16 października b.r. rozpoczął się XX Zjazd Komunistycznej Partii Chin. Liczy ona 96 mln członków reprezentowanych na Zjeździe  przez 2600 delegatów.  Referat sprawozdawczy wygłosił przewodniczący Xi Jinping, on też wyraźnie wskazał kierunek zmian. 39 razy  podkreślał nadejście „nowej ery” , co odczytano jako odsunięcie poprzedniego kierownictwa i ludzi powiązanych z Hu Jintao,  poprzednim przywódcą partii (2002-2012).  Ze Stałego Komitetu odszedł na emeryturę wiekowy premier Li Keqiang i 2 jego ludzi, scentralizowano zarządzanie krajem.  Przed zjazdem  dokonano czystek – aresztowano setki generałów, oraz dziesiątki tysięcy przedsiębiorców i urzędników w ramach programu walki z korupcją. Xi Jinpig podkreślił, że kraj jest komunistyczny, a podstawą ideologiczną  rządu – nowoczesny marksizm.  Rządzi partia kierowana przez niego, bo raczej Xi ma zapewnioną kolejną kadencję.   Obserwatorzy sugerują, że jednym z celów nowego kierownictwa będzie ograniczenie wpływów wielkich koncernów IT takich jak Alibaba  i walka z monopolami. 

Poza tym – ekologia i demografia. Społeczeństwo się starzeje, brak dzieci, konieczna jest polityka prorodzinna, należy zmniejszać podziały społeczne  i  dzielić dochody z biedniejszymi. Chiny nie chcą zrezygnować z polityki lockdownu, mimo zwolnienia tempa wzrostu gospodarczego. Największe zmiany szykują się w polityce obronnej. Jak to ujął Aleksandr Łomanow ( ekspert ds. polityki Chin z  RAN) – Mao zapewnił Chinom komunizm, jego następcy – bogactwo, a Xi Jinping chce gwarantować bezpieczeństwo i status imperium.  W każdym razie w mowie  przewodniczącego pojawia się po raz pierwszy w jego kadencji termin „wojny regionalne” w których Chiny mogą uczestniczyć.  Z kim Xi chce wojować, nie sprecyzował,  więc analitycy typowali Tajwan i spory o Morze Południowochińskie,  licząc, że szerszych planów na razie nie ma.  O ile 5 lat temu Xi mówił o pokojowym włączeniu Tajwanu, teraz  podkreślił, że doświadczenia Hong Kongu świadczą o możliwości współistnienia dwóch systemów, ale pokojową drogę pominął. W armii należy też nasilić pracę ideologiczną -- wychowanie w duchu komunizmu i lojalność wobec partii.

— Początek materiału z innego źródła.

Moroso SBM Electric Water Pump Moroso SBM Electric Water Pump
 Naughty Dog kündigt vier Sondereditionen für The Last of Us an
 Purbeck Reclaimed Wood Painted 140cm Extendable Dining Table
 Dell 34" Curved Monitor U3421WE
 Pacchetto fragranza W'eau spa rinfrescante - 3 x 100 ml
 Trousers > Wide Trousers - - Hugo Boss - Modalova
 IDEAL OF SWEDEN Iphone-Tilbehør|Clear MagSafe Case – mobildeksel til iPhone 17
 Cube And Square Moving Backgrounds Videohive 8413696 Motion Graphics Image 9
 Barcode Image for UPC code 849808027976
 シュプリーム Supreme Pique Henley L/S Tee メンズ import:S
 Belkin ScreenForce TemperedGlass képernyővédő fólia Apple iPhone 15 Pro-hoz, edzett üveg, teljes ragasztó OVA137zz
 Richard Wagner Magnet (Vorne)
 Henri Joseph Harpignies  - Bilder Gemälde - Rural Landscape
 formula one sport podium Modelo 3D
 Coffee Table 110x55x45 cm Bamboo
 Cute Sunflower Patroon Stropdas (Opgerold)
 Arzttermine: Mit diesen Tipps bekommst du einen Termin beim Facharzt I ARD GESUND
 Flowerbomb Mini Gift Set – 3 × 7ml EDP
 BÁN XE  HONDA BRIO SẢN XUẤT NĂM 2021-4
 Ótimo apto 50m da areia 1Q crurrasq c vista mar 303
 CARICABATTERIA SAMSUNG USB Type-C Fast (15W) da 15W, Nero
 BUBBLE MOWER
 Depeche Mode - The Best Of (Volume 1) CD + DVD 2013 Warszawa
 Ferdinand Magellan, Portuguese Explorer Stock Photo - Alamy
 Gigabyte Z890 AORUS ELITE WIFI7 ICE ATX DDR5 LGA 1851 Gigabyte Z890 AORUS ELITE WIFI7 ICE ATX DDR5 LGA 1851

  Z typowo chińską wieloznacznością omówił politykę zagraniczną, nie wymieniając konkretnych państw i poprzestając na ogólnikach i "siłach zła".  Wszystko to wskazuje na coraz większą centralizację władzy i skupienie jej w ręku Xi Jinpinga i jego ludzi. Gdy oglądamy oficjalny chiński portal,  dowiadujemy się głównie gdzie Xi był, jakie inwestycje otworzył, gdzie powitał młodzież lub wojsko itp.   Jeżeli dodamy do tego postulat zwiększenia roli partii komunistycznej  i  ambicję wygrania wyścigu zbrojeń  (silne państwo musi mieć silna armię) nie dziwi zaniepokojenie ekspertów zachodnich i skojarzenie Xi z Mao.  Zwłaszcza, że kontrolą postaw  ideologicznych   i informacyjną już  objęto cały kraj .Pociesza nas wspomniany Łomanow, że  za czasów Mao nie było własności prywatnej i klasy średniej.  Teraz powtórzyć jego politykę byłoby więc  trudniej.   Komunizm i ręczne sterowanie krajem znamy z doświadczeń ZSRR i nie tylko, plany imperialne i „wojny regionalne” też nie są nam obce. I pomyśleć, że podobnie jak i w Rosji, potęgę gospodarczą i militarną zbudował w Chinach Zachód, czyli m.in. owe "siły zła".